- Azerbaijani: Günəşli
- Guneshli
- Coordinates: 38°47′28″N 48°28′17″E﻿ / ﻿38.79111°N 48.47139°E
- Country: Azerbaijan
- District: Lerik

Population^{[citation needed]}
- • Total: 1,022
- Time zone: UTC+4 (AZT)
- • Summer (DST): UTC+5 (AZT)

= Günəşli, Lerik =

Günəşli (Ozobijon), (until 2008, Azərbaycan, Azerbagjan, and Azerbaijan) is a village and municipality in the Lerik District of Azerbaijan. It has a population of 1,022. The municipality consists of the villages of Guneshli and Babagil.

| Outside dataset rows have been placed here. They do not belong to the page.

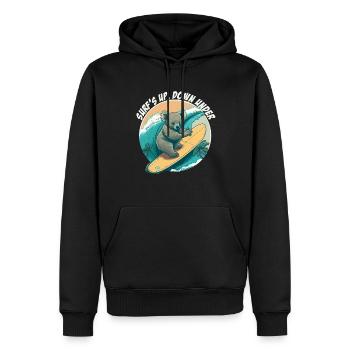 En dessous du surf koala ours - Sweat à capuche Premium bio Homme - noir - Devant - Nico (187cm)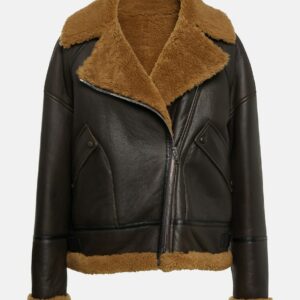 Yves Salomon Shearling-trimmed leather biker jacket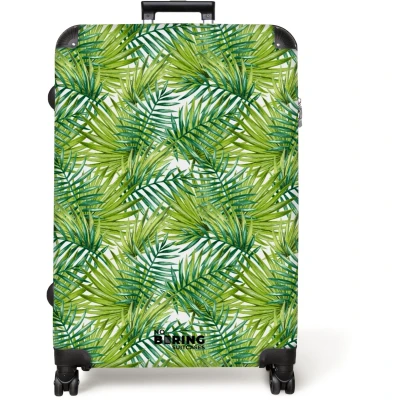 Afbeelding van NoBoringSuitcases.com® Koffer groot Reiskoffer lichtgewicht Palm bladeren patroon licht groen Rolkoffer met 4 wielen Grote trolley XL 98 liter bagage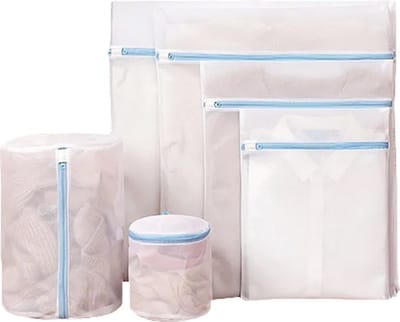 ATTREZZO® Waszak - set van 6 - diverse maten - met rits - Wit - Wasnet - Wastas - Ideaal voor lingerie - BH - kwestbare kleding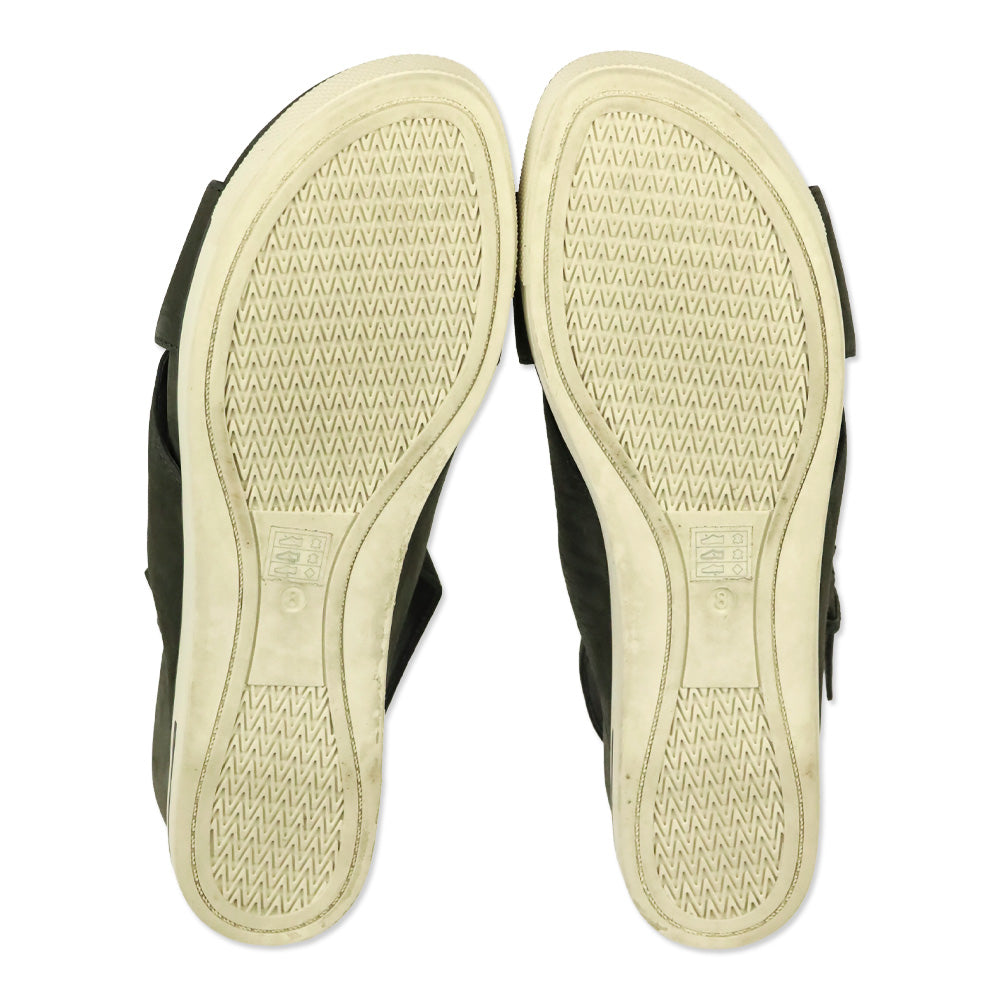 Eileen Fisher Gray Nubuck Good Criss Cross Wedge Sandals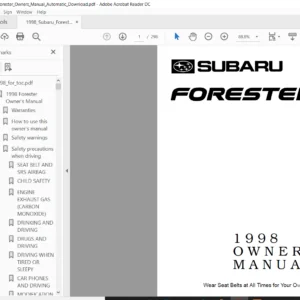 1998 Subaru Forester Owners Manual - PDF DOWNLOAD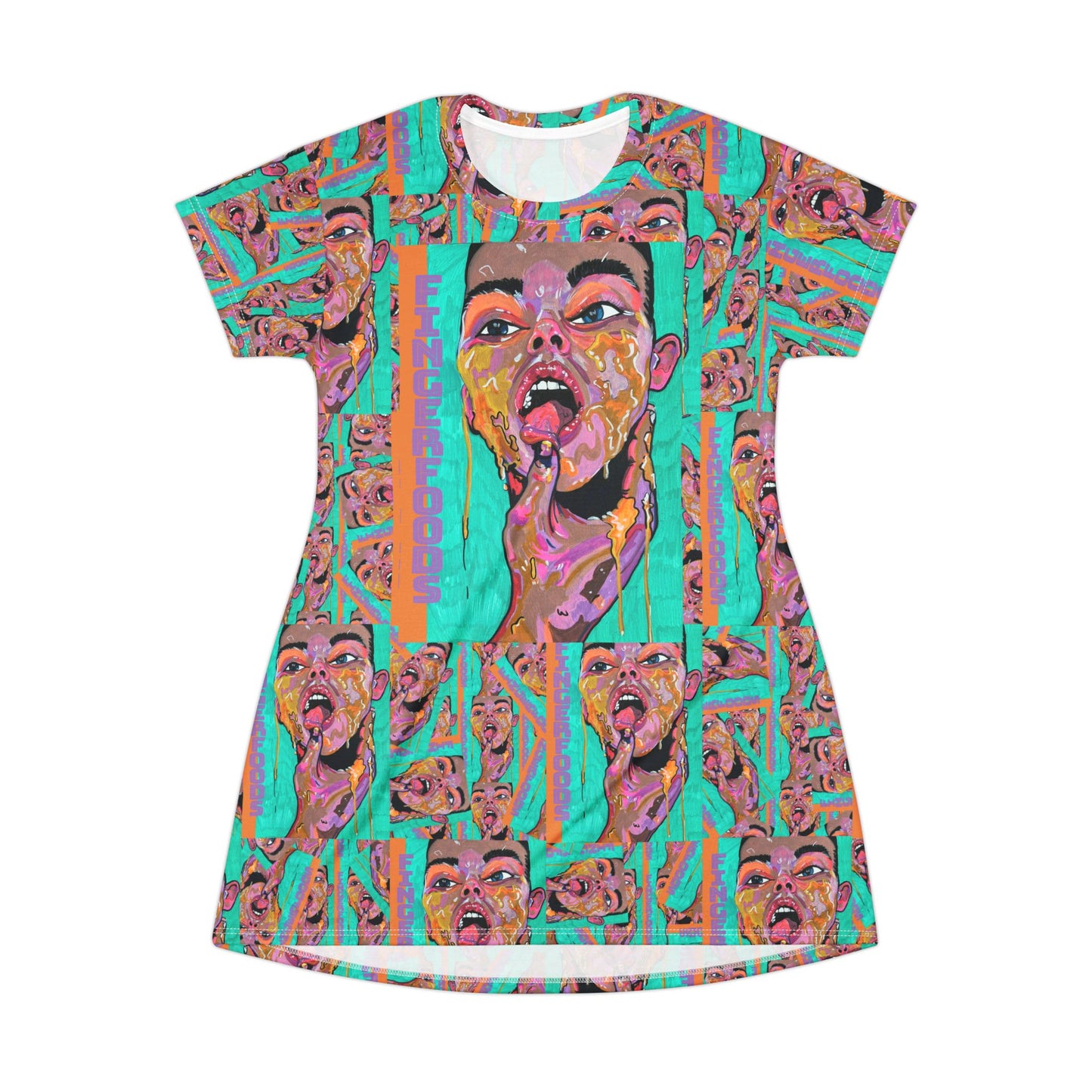 Finger Foods Pop Art All-Over Print T-Shirt Dress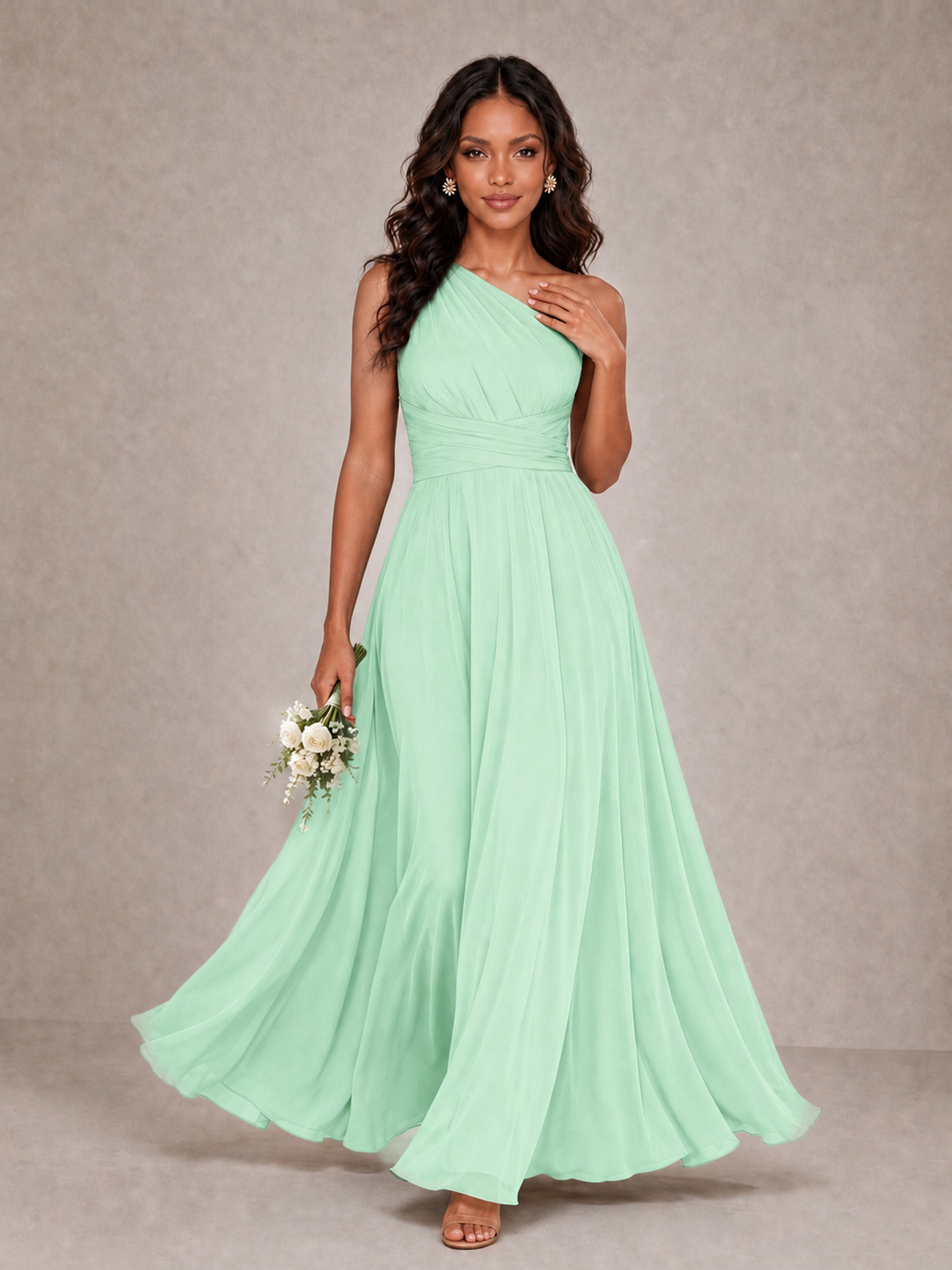 BOLODOO Mint Green One-Shoulder A-Line Bridesmaid Dress - Mint Green - Mint Green_1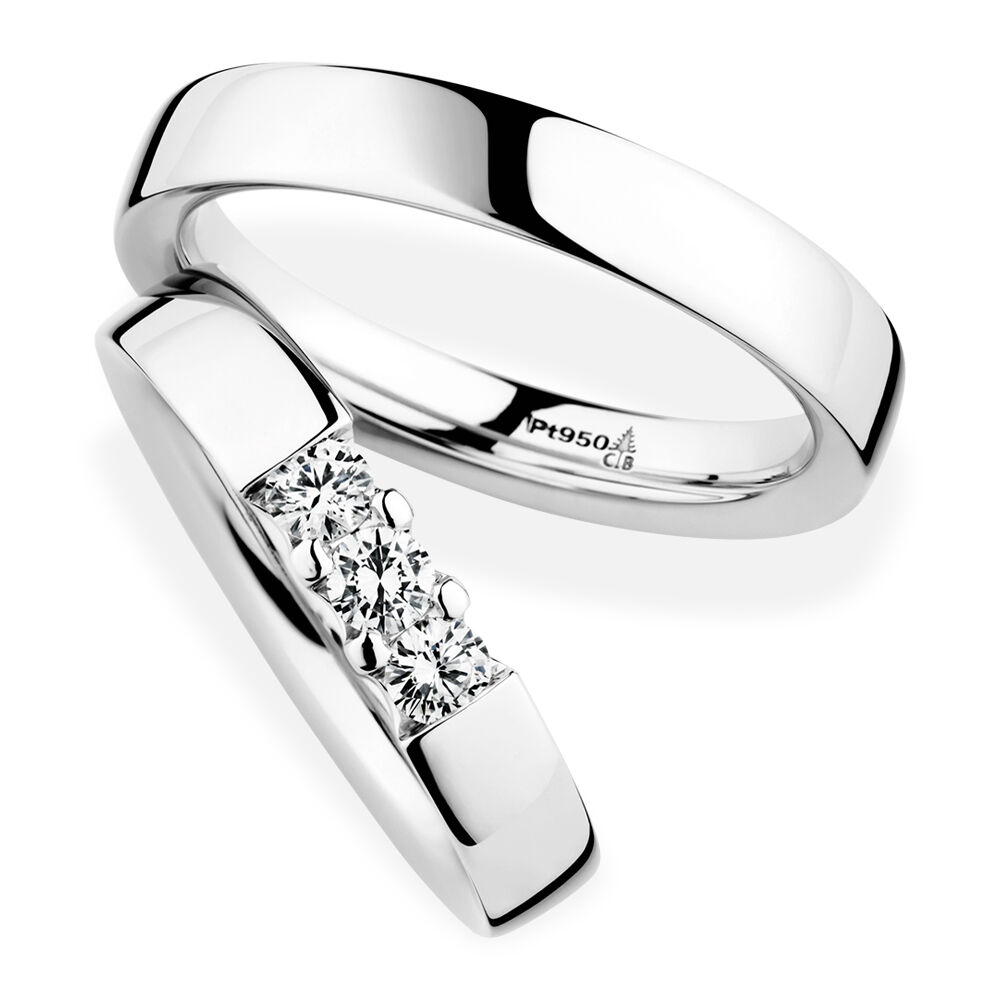 Trauringe Platin Brillant 0,300 ct.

The village's prior name, "Azərbaycan", means "Azerbaijan" in the Azerbaijani language.

==Waterfall==
The Guneshli waterfall is a waterfall in Günəşli located at the depth of the dense forest. On May 8, 2007, by the decision of the National Assembly of the Republic of Azerbaijan the village included in the administrative territory of Noda village of Lerik District was named Guneshli. Guneshli waterfall is located at a height of 1000m above sea level. The height of Guneshli waterfall is 7 meters and its width is 5 meters The Guneshli waterfall swiftly flows and is divided into tributaries called Varazu and Vizazamin separately. These two tributaries together are called Lerikrivers.